History.--s. 11, ch. 87-102; s. 23, ch. 90-203; s. 1305, ch.
97-102; s. 30, ch. 2003-254.
832.07 Prima facie evidence of intent; identity.--
(1) INTENT.--
(a) In any prosecution or action under this chapter, the making,
drawing, uttering, or delivery of a check, draft, or order,
payment of which is refused by the drawee because of lack of funds
or credit, shall be prima facie evidence of intent to defraud or
knowledge of insufficient funds in, or credit with, such bank,
banking institution, trust company, or other depository, unless
such maker or drawer, or someone for him or her, shall have paid
the holder thereof the amount due thereon, together with a service
charge not to exceed the service fees authorized under s.
832.08(5) or an amount of up to 5 percent of the face amount of
the check, whichever is greater, within 15 days after written
notice has been sent to the address printed on the check or given
at the time of issuance that such check, draft, or order has not
been paid to the holder thereof, and bank fees incurred by the
holder. In the event of legal action for recovery, the maker or
drawer may be additionally liable for court costs and reasonable
attorney's fees. Notice mailed by certified or registered mail,
evidenced by return receipt, or by first-class mail, evidenced by
an affidavit of service of mail, to the address printed on the
check or given at the time of issuance shall be deemed sufficient
and equivalent to notice having been received by the maker or
drawer, whether such notice shall be returned undelivered or not.

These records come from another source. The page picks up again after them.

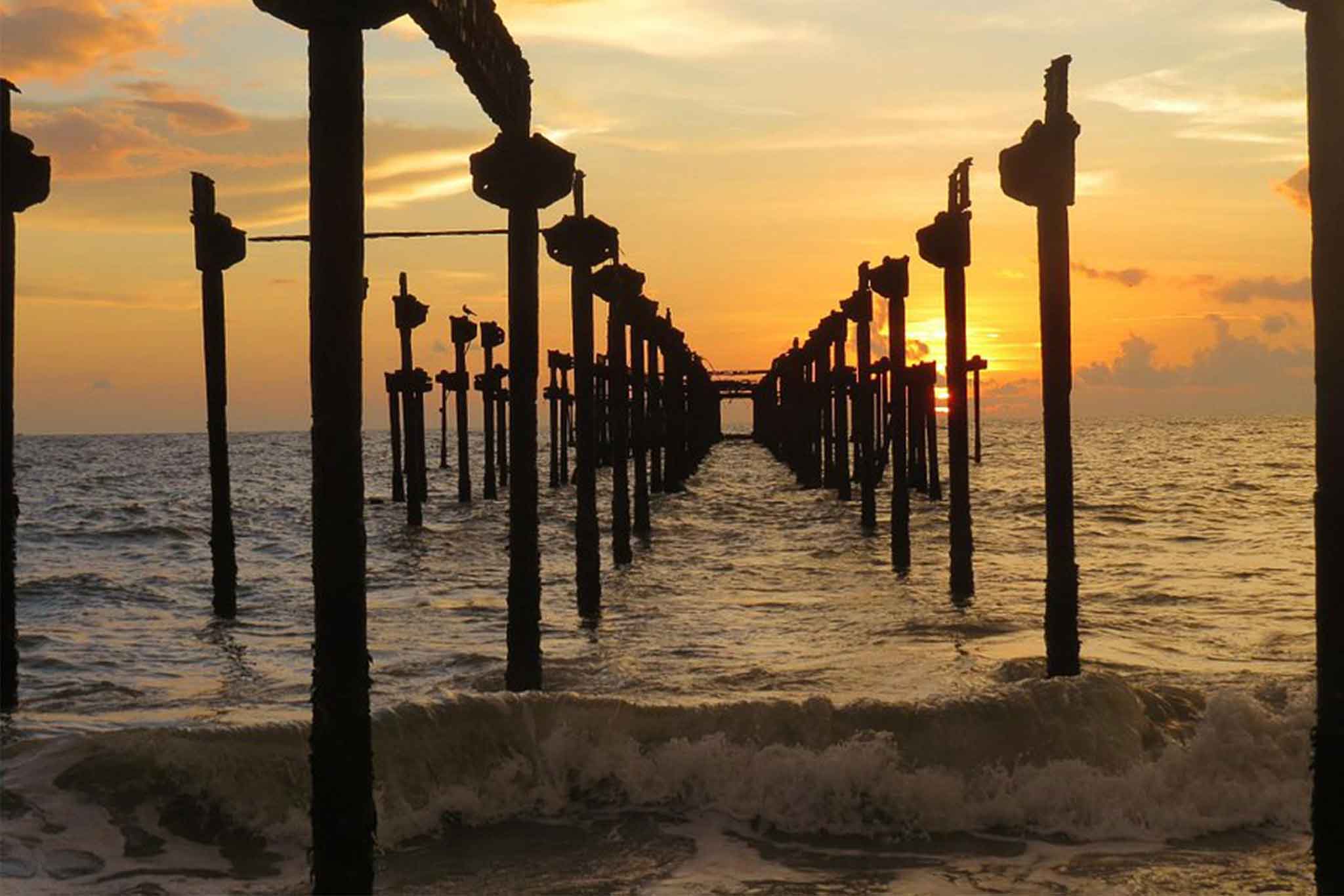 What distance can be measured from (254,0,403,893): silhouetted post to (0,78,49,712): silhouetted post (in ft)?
16.8

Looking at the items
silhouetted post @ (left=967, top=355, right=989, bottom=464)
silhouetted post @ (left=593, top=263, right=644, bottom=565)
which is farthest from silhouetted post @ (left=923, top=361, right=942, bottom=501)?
silhouetted post @ (left=593, top=263, right=644, bottom=565)

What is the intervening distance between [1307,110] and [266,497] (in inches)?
1540

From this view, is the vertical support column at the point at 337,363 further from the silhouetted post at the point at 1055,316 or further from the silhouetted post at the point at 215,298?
the silhouetted post at the point at 215,298

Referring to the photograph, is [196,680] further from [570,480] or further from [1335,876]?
[570,480]

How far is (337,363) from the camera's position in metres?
4.83

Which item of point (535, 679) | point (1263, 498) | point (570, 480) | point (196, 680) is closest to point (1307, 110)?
point (535, 679)

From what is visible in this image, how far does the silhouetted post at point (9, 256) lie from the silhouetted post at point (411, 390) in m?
16.7

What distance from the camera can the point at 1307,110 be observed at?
4961 mm

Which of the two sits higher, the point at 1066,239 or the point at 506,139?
the point at 506,139

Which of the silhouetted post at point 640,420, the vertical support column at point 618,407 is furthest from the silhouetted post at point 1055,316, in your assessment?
the silhouetted post at point 640,420

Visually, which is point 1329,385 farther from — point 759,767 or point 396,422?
point 396,422

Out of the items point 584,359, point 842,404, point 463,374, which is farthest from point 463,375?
point 584,359

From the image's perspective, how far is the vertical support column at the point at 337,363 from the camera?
480cm

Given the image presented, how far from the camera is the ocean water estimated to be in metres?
6.86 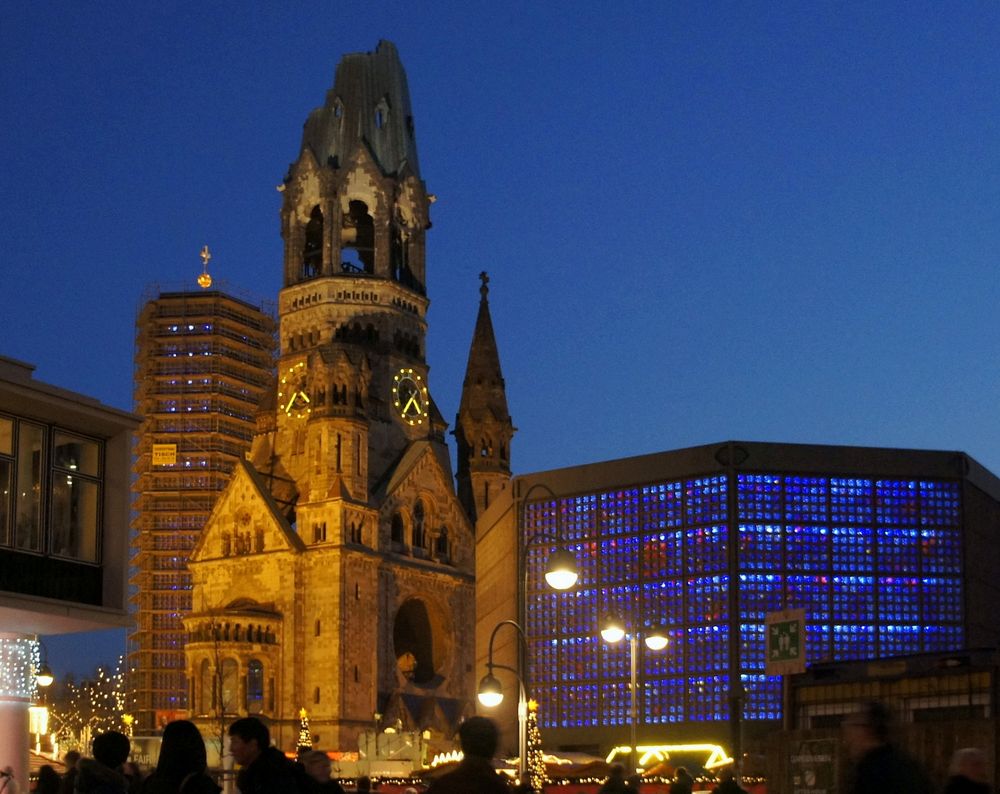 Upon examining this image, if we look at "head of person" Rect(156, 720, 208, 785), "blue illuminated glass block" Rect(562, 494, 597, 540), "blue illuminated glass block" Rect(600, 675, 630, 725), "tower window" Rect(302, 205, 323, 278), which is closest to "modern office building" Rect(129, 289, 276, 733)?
"tower window" Rect(302, 205, 323, 278)

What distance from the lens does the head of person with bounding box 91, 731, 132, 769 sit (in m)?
13.6

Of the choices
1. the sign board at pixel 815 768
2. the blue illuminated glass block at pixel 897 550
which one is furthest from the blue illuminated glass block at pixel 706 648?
the sign board at pixel 815 768

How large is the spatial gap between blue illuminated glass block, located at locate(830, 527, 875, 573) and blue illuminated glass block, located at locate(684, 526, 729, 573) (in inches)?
182

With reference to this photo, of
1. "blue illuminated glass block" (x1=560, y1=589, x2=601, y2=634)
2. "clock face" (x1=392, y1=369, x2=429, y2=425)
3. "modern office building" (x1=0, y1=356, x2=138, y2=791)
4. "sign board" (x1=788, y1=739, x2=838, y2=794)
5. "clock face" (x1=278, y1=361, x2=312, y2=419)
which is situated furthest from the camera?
"clock face" (x1=392, y1=369, x2=429, y2=425)

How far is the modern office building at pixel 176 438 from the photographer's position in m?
109

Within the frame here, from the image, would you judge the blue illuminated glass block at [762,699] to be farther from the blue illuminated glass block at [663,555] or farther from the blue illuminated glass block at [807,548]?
the blue illuminated glass block at [663,555]

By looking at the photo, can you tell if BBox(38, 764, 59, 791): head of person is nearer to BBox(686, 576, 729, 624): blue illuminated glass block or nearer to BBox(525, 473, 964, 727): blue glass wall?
BBox(525, 473, 964, 727): blue glass wall

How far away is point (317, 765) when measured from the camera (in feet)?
47.8

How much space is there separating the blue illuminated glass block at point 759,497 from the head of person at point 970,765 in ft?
211

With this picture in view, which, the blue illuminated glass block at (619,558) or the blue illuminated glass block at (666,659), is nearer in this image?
the blue illuminated glass block at (666,659)

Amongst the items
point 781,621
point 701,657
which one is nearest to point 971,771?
point 781,621

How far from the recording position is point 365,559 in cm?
8200

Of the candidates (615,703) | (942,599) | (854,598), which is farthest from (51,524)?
(942,599)

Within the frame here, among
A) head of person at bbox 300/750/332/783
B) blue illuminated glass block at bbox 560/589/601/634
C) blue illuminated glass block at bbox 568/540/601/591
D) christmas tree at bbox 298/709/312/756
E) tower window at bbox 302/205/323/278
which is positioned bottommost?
christmas tree at bbox 298/709/312/756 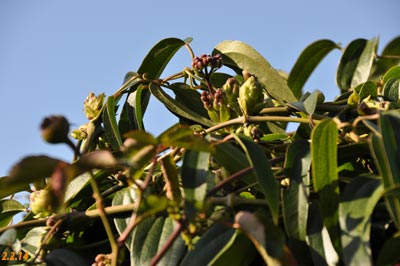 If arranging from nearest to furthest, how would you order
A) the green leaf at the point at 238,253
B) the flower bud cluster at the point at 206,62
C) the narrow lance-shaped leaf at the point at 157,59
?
the green leaf at the point at 238,253
the flower bud cluster at the point at 206,62
the narrow lance-shaped leaf at the point at 157,59

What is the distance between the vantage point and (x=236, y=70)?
98cm

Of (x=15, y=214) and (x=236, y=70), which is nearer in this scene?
(x=15, y=214)

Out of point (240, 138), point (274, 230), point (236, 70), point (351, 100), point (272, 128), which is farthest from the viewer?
point (236, 70)

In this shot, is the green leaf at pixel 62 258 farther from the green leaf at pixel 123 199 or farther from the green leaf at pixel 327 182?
the green leaf at pixel 327 182

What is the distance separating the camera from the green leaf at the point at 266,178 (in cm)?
54

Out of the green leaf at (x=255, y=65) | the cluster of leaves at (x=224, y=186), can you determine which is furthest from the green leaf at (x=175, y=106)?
the green leaf at (x=255, y=65)

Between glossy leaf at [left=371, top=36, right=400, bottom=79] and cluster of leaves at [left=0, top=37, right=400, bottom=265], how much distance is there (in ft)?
0.61

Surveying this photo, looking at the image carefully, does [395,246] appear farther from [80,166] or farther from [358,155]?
[80,166]

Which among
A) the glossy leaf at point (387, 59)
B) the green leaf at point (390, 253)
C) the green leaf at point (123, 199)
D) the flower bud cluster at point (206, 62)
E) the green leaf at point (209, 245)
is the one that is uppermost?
the flower bud cluster at point (206, 62)

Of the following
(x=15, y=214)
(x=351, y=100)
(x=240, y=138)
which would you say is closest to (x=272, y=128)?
(x=351, y=100)

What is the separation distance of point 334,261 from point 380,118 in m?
0.14

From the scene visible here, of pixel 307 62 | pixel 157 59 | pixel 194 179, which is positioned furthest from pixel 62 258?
pixel 307 62

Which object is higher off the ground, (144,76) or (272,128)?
(144,76)

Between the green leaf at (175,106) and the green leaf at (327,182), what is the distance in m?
0.30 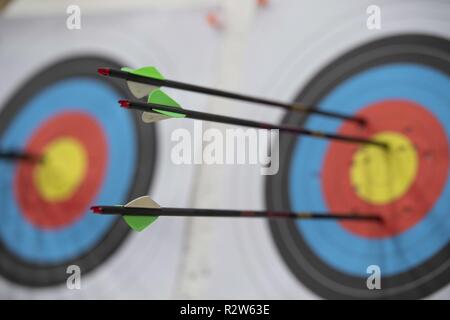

The form of such notice shall be substantially as follows:
"You are hereby notified that a check, numbered _____, in the face
amount of $_____, issued by you on (date) , drawn upon (name of
bank) , and payable to _____, has been dishonored. Pursuant to
Florida law, you have 15 days from the date of this notice to
tender payment of the full amount of such check plus a service
charge of $25, if the face value does not exceed $50, $30, if the
face value exceeds $50 but does not exceed $300, $40, if the face
value exceeds $300, or an amount of up to 5 percent of the face
amount of the check, whichever is greater, the total amount due
being $_____ and _____ cents. Unless this amount is paid in full
within the time specified above, the holder of such check may turn
over the dishonored check and all other available information
relating to this incident to the state attorney for criminal
prosecution. You may be additionally liable in a civil action for
triple the amount of the check, but in no case less than $50,
together with the amount of the check, a service charge, court
costs, reasonable attorney fees, and incurred bank fees, as
provided in s. 68.065."
Subsequent persons receiving a check, draft, or order from the
original payee or a successor endorsee have the same rights that
the original payee has against the maker of the instrument,
provided such subsequent persons give notice in a substantially
similar form to that provided above. Subsequent persons providing
such notice shall be immune from civil liability for the giving of
such notice and for proceeding under the forms of such notice, so
long as the maker of the instrument has the same defenses against
these subsequent persons as against the original payee. However,
the remedies available under this section may be exercised only by
one party in interest.
(b) When a check is drawn on a bank in which the maker or drawer
has no account or a closed account, it shall be presumed that such
check was issued with intent to defraud, and the notice
requirement set forth in this section shall be waived.
(2) IDENTITY.--
(a) In any prosecution or action under the provisions of this
chapter, a check, draft, or order for which the information
required in paragraph (b), paragraph (d), paragraph (e), or
paragraph (f) is available at the time of issuance constitutes
prima facie evidence of the identity of the person issuing the
check, draft, or order and that such person is authorized to draw
upon the named account.
(b) To establish this prima facie evidence:
1. The driver's license number or state identification number,
specifying the state of issuance of the person presenting the
check must be written on the check; or
2. The following information regarding the identity of the person
presenting the check must be obtained by the person accepting such
check: The presenter's full name, residence address, home phone
number, business phone number, place of employment, sex, date of
birth, and height.
(c) The information required in subparagraph (b)2. may be provided
by either of two methods:
1. The information may be recorded on the check; or
2. The number of a check-cashing identification card issued by the
accepter of the check may be recorded on the check. In order to be
used to establish identity, such check-cashing identification card
may not be issued until the information required in subparagraph
(b)2. has been placed on file with the accepter of the check.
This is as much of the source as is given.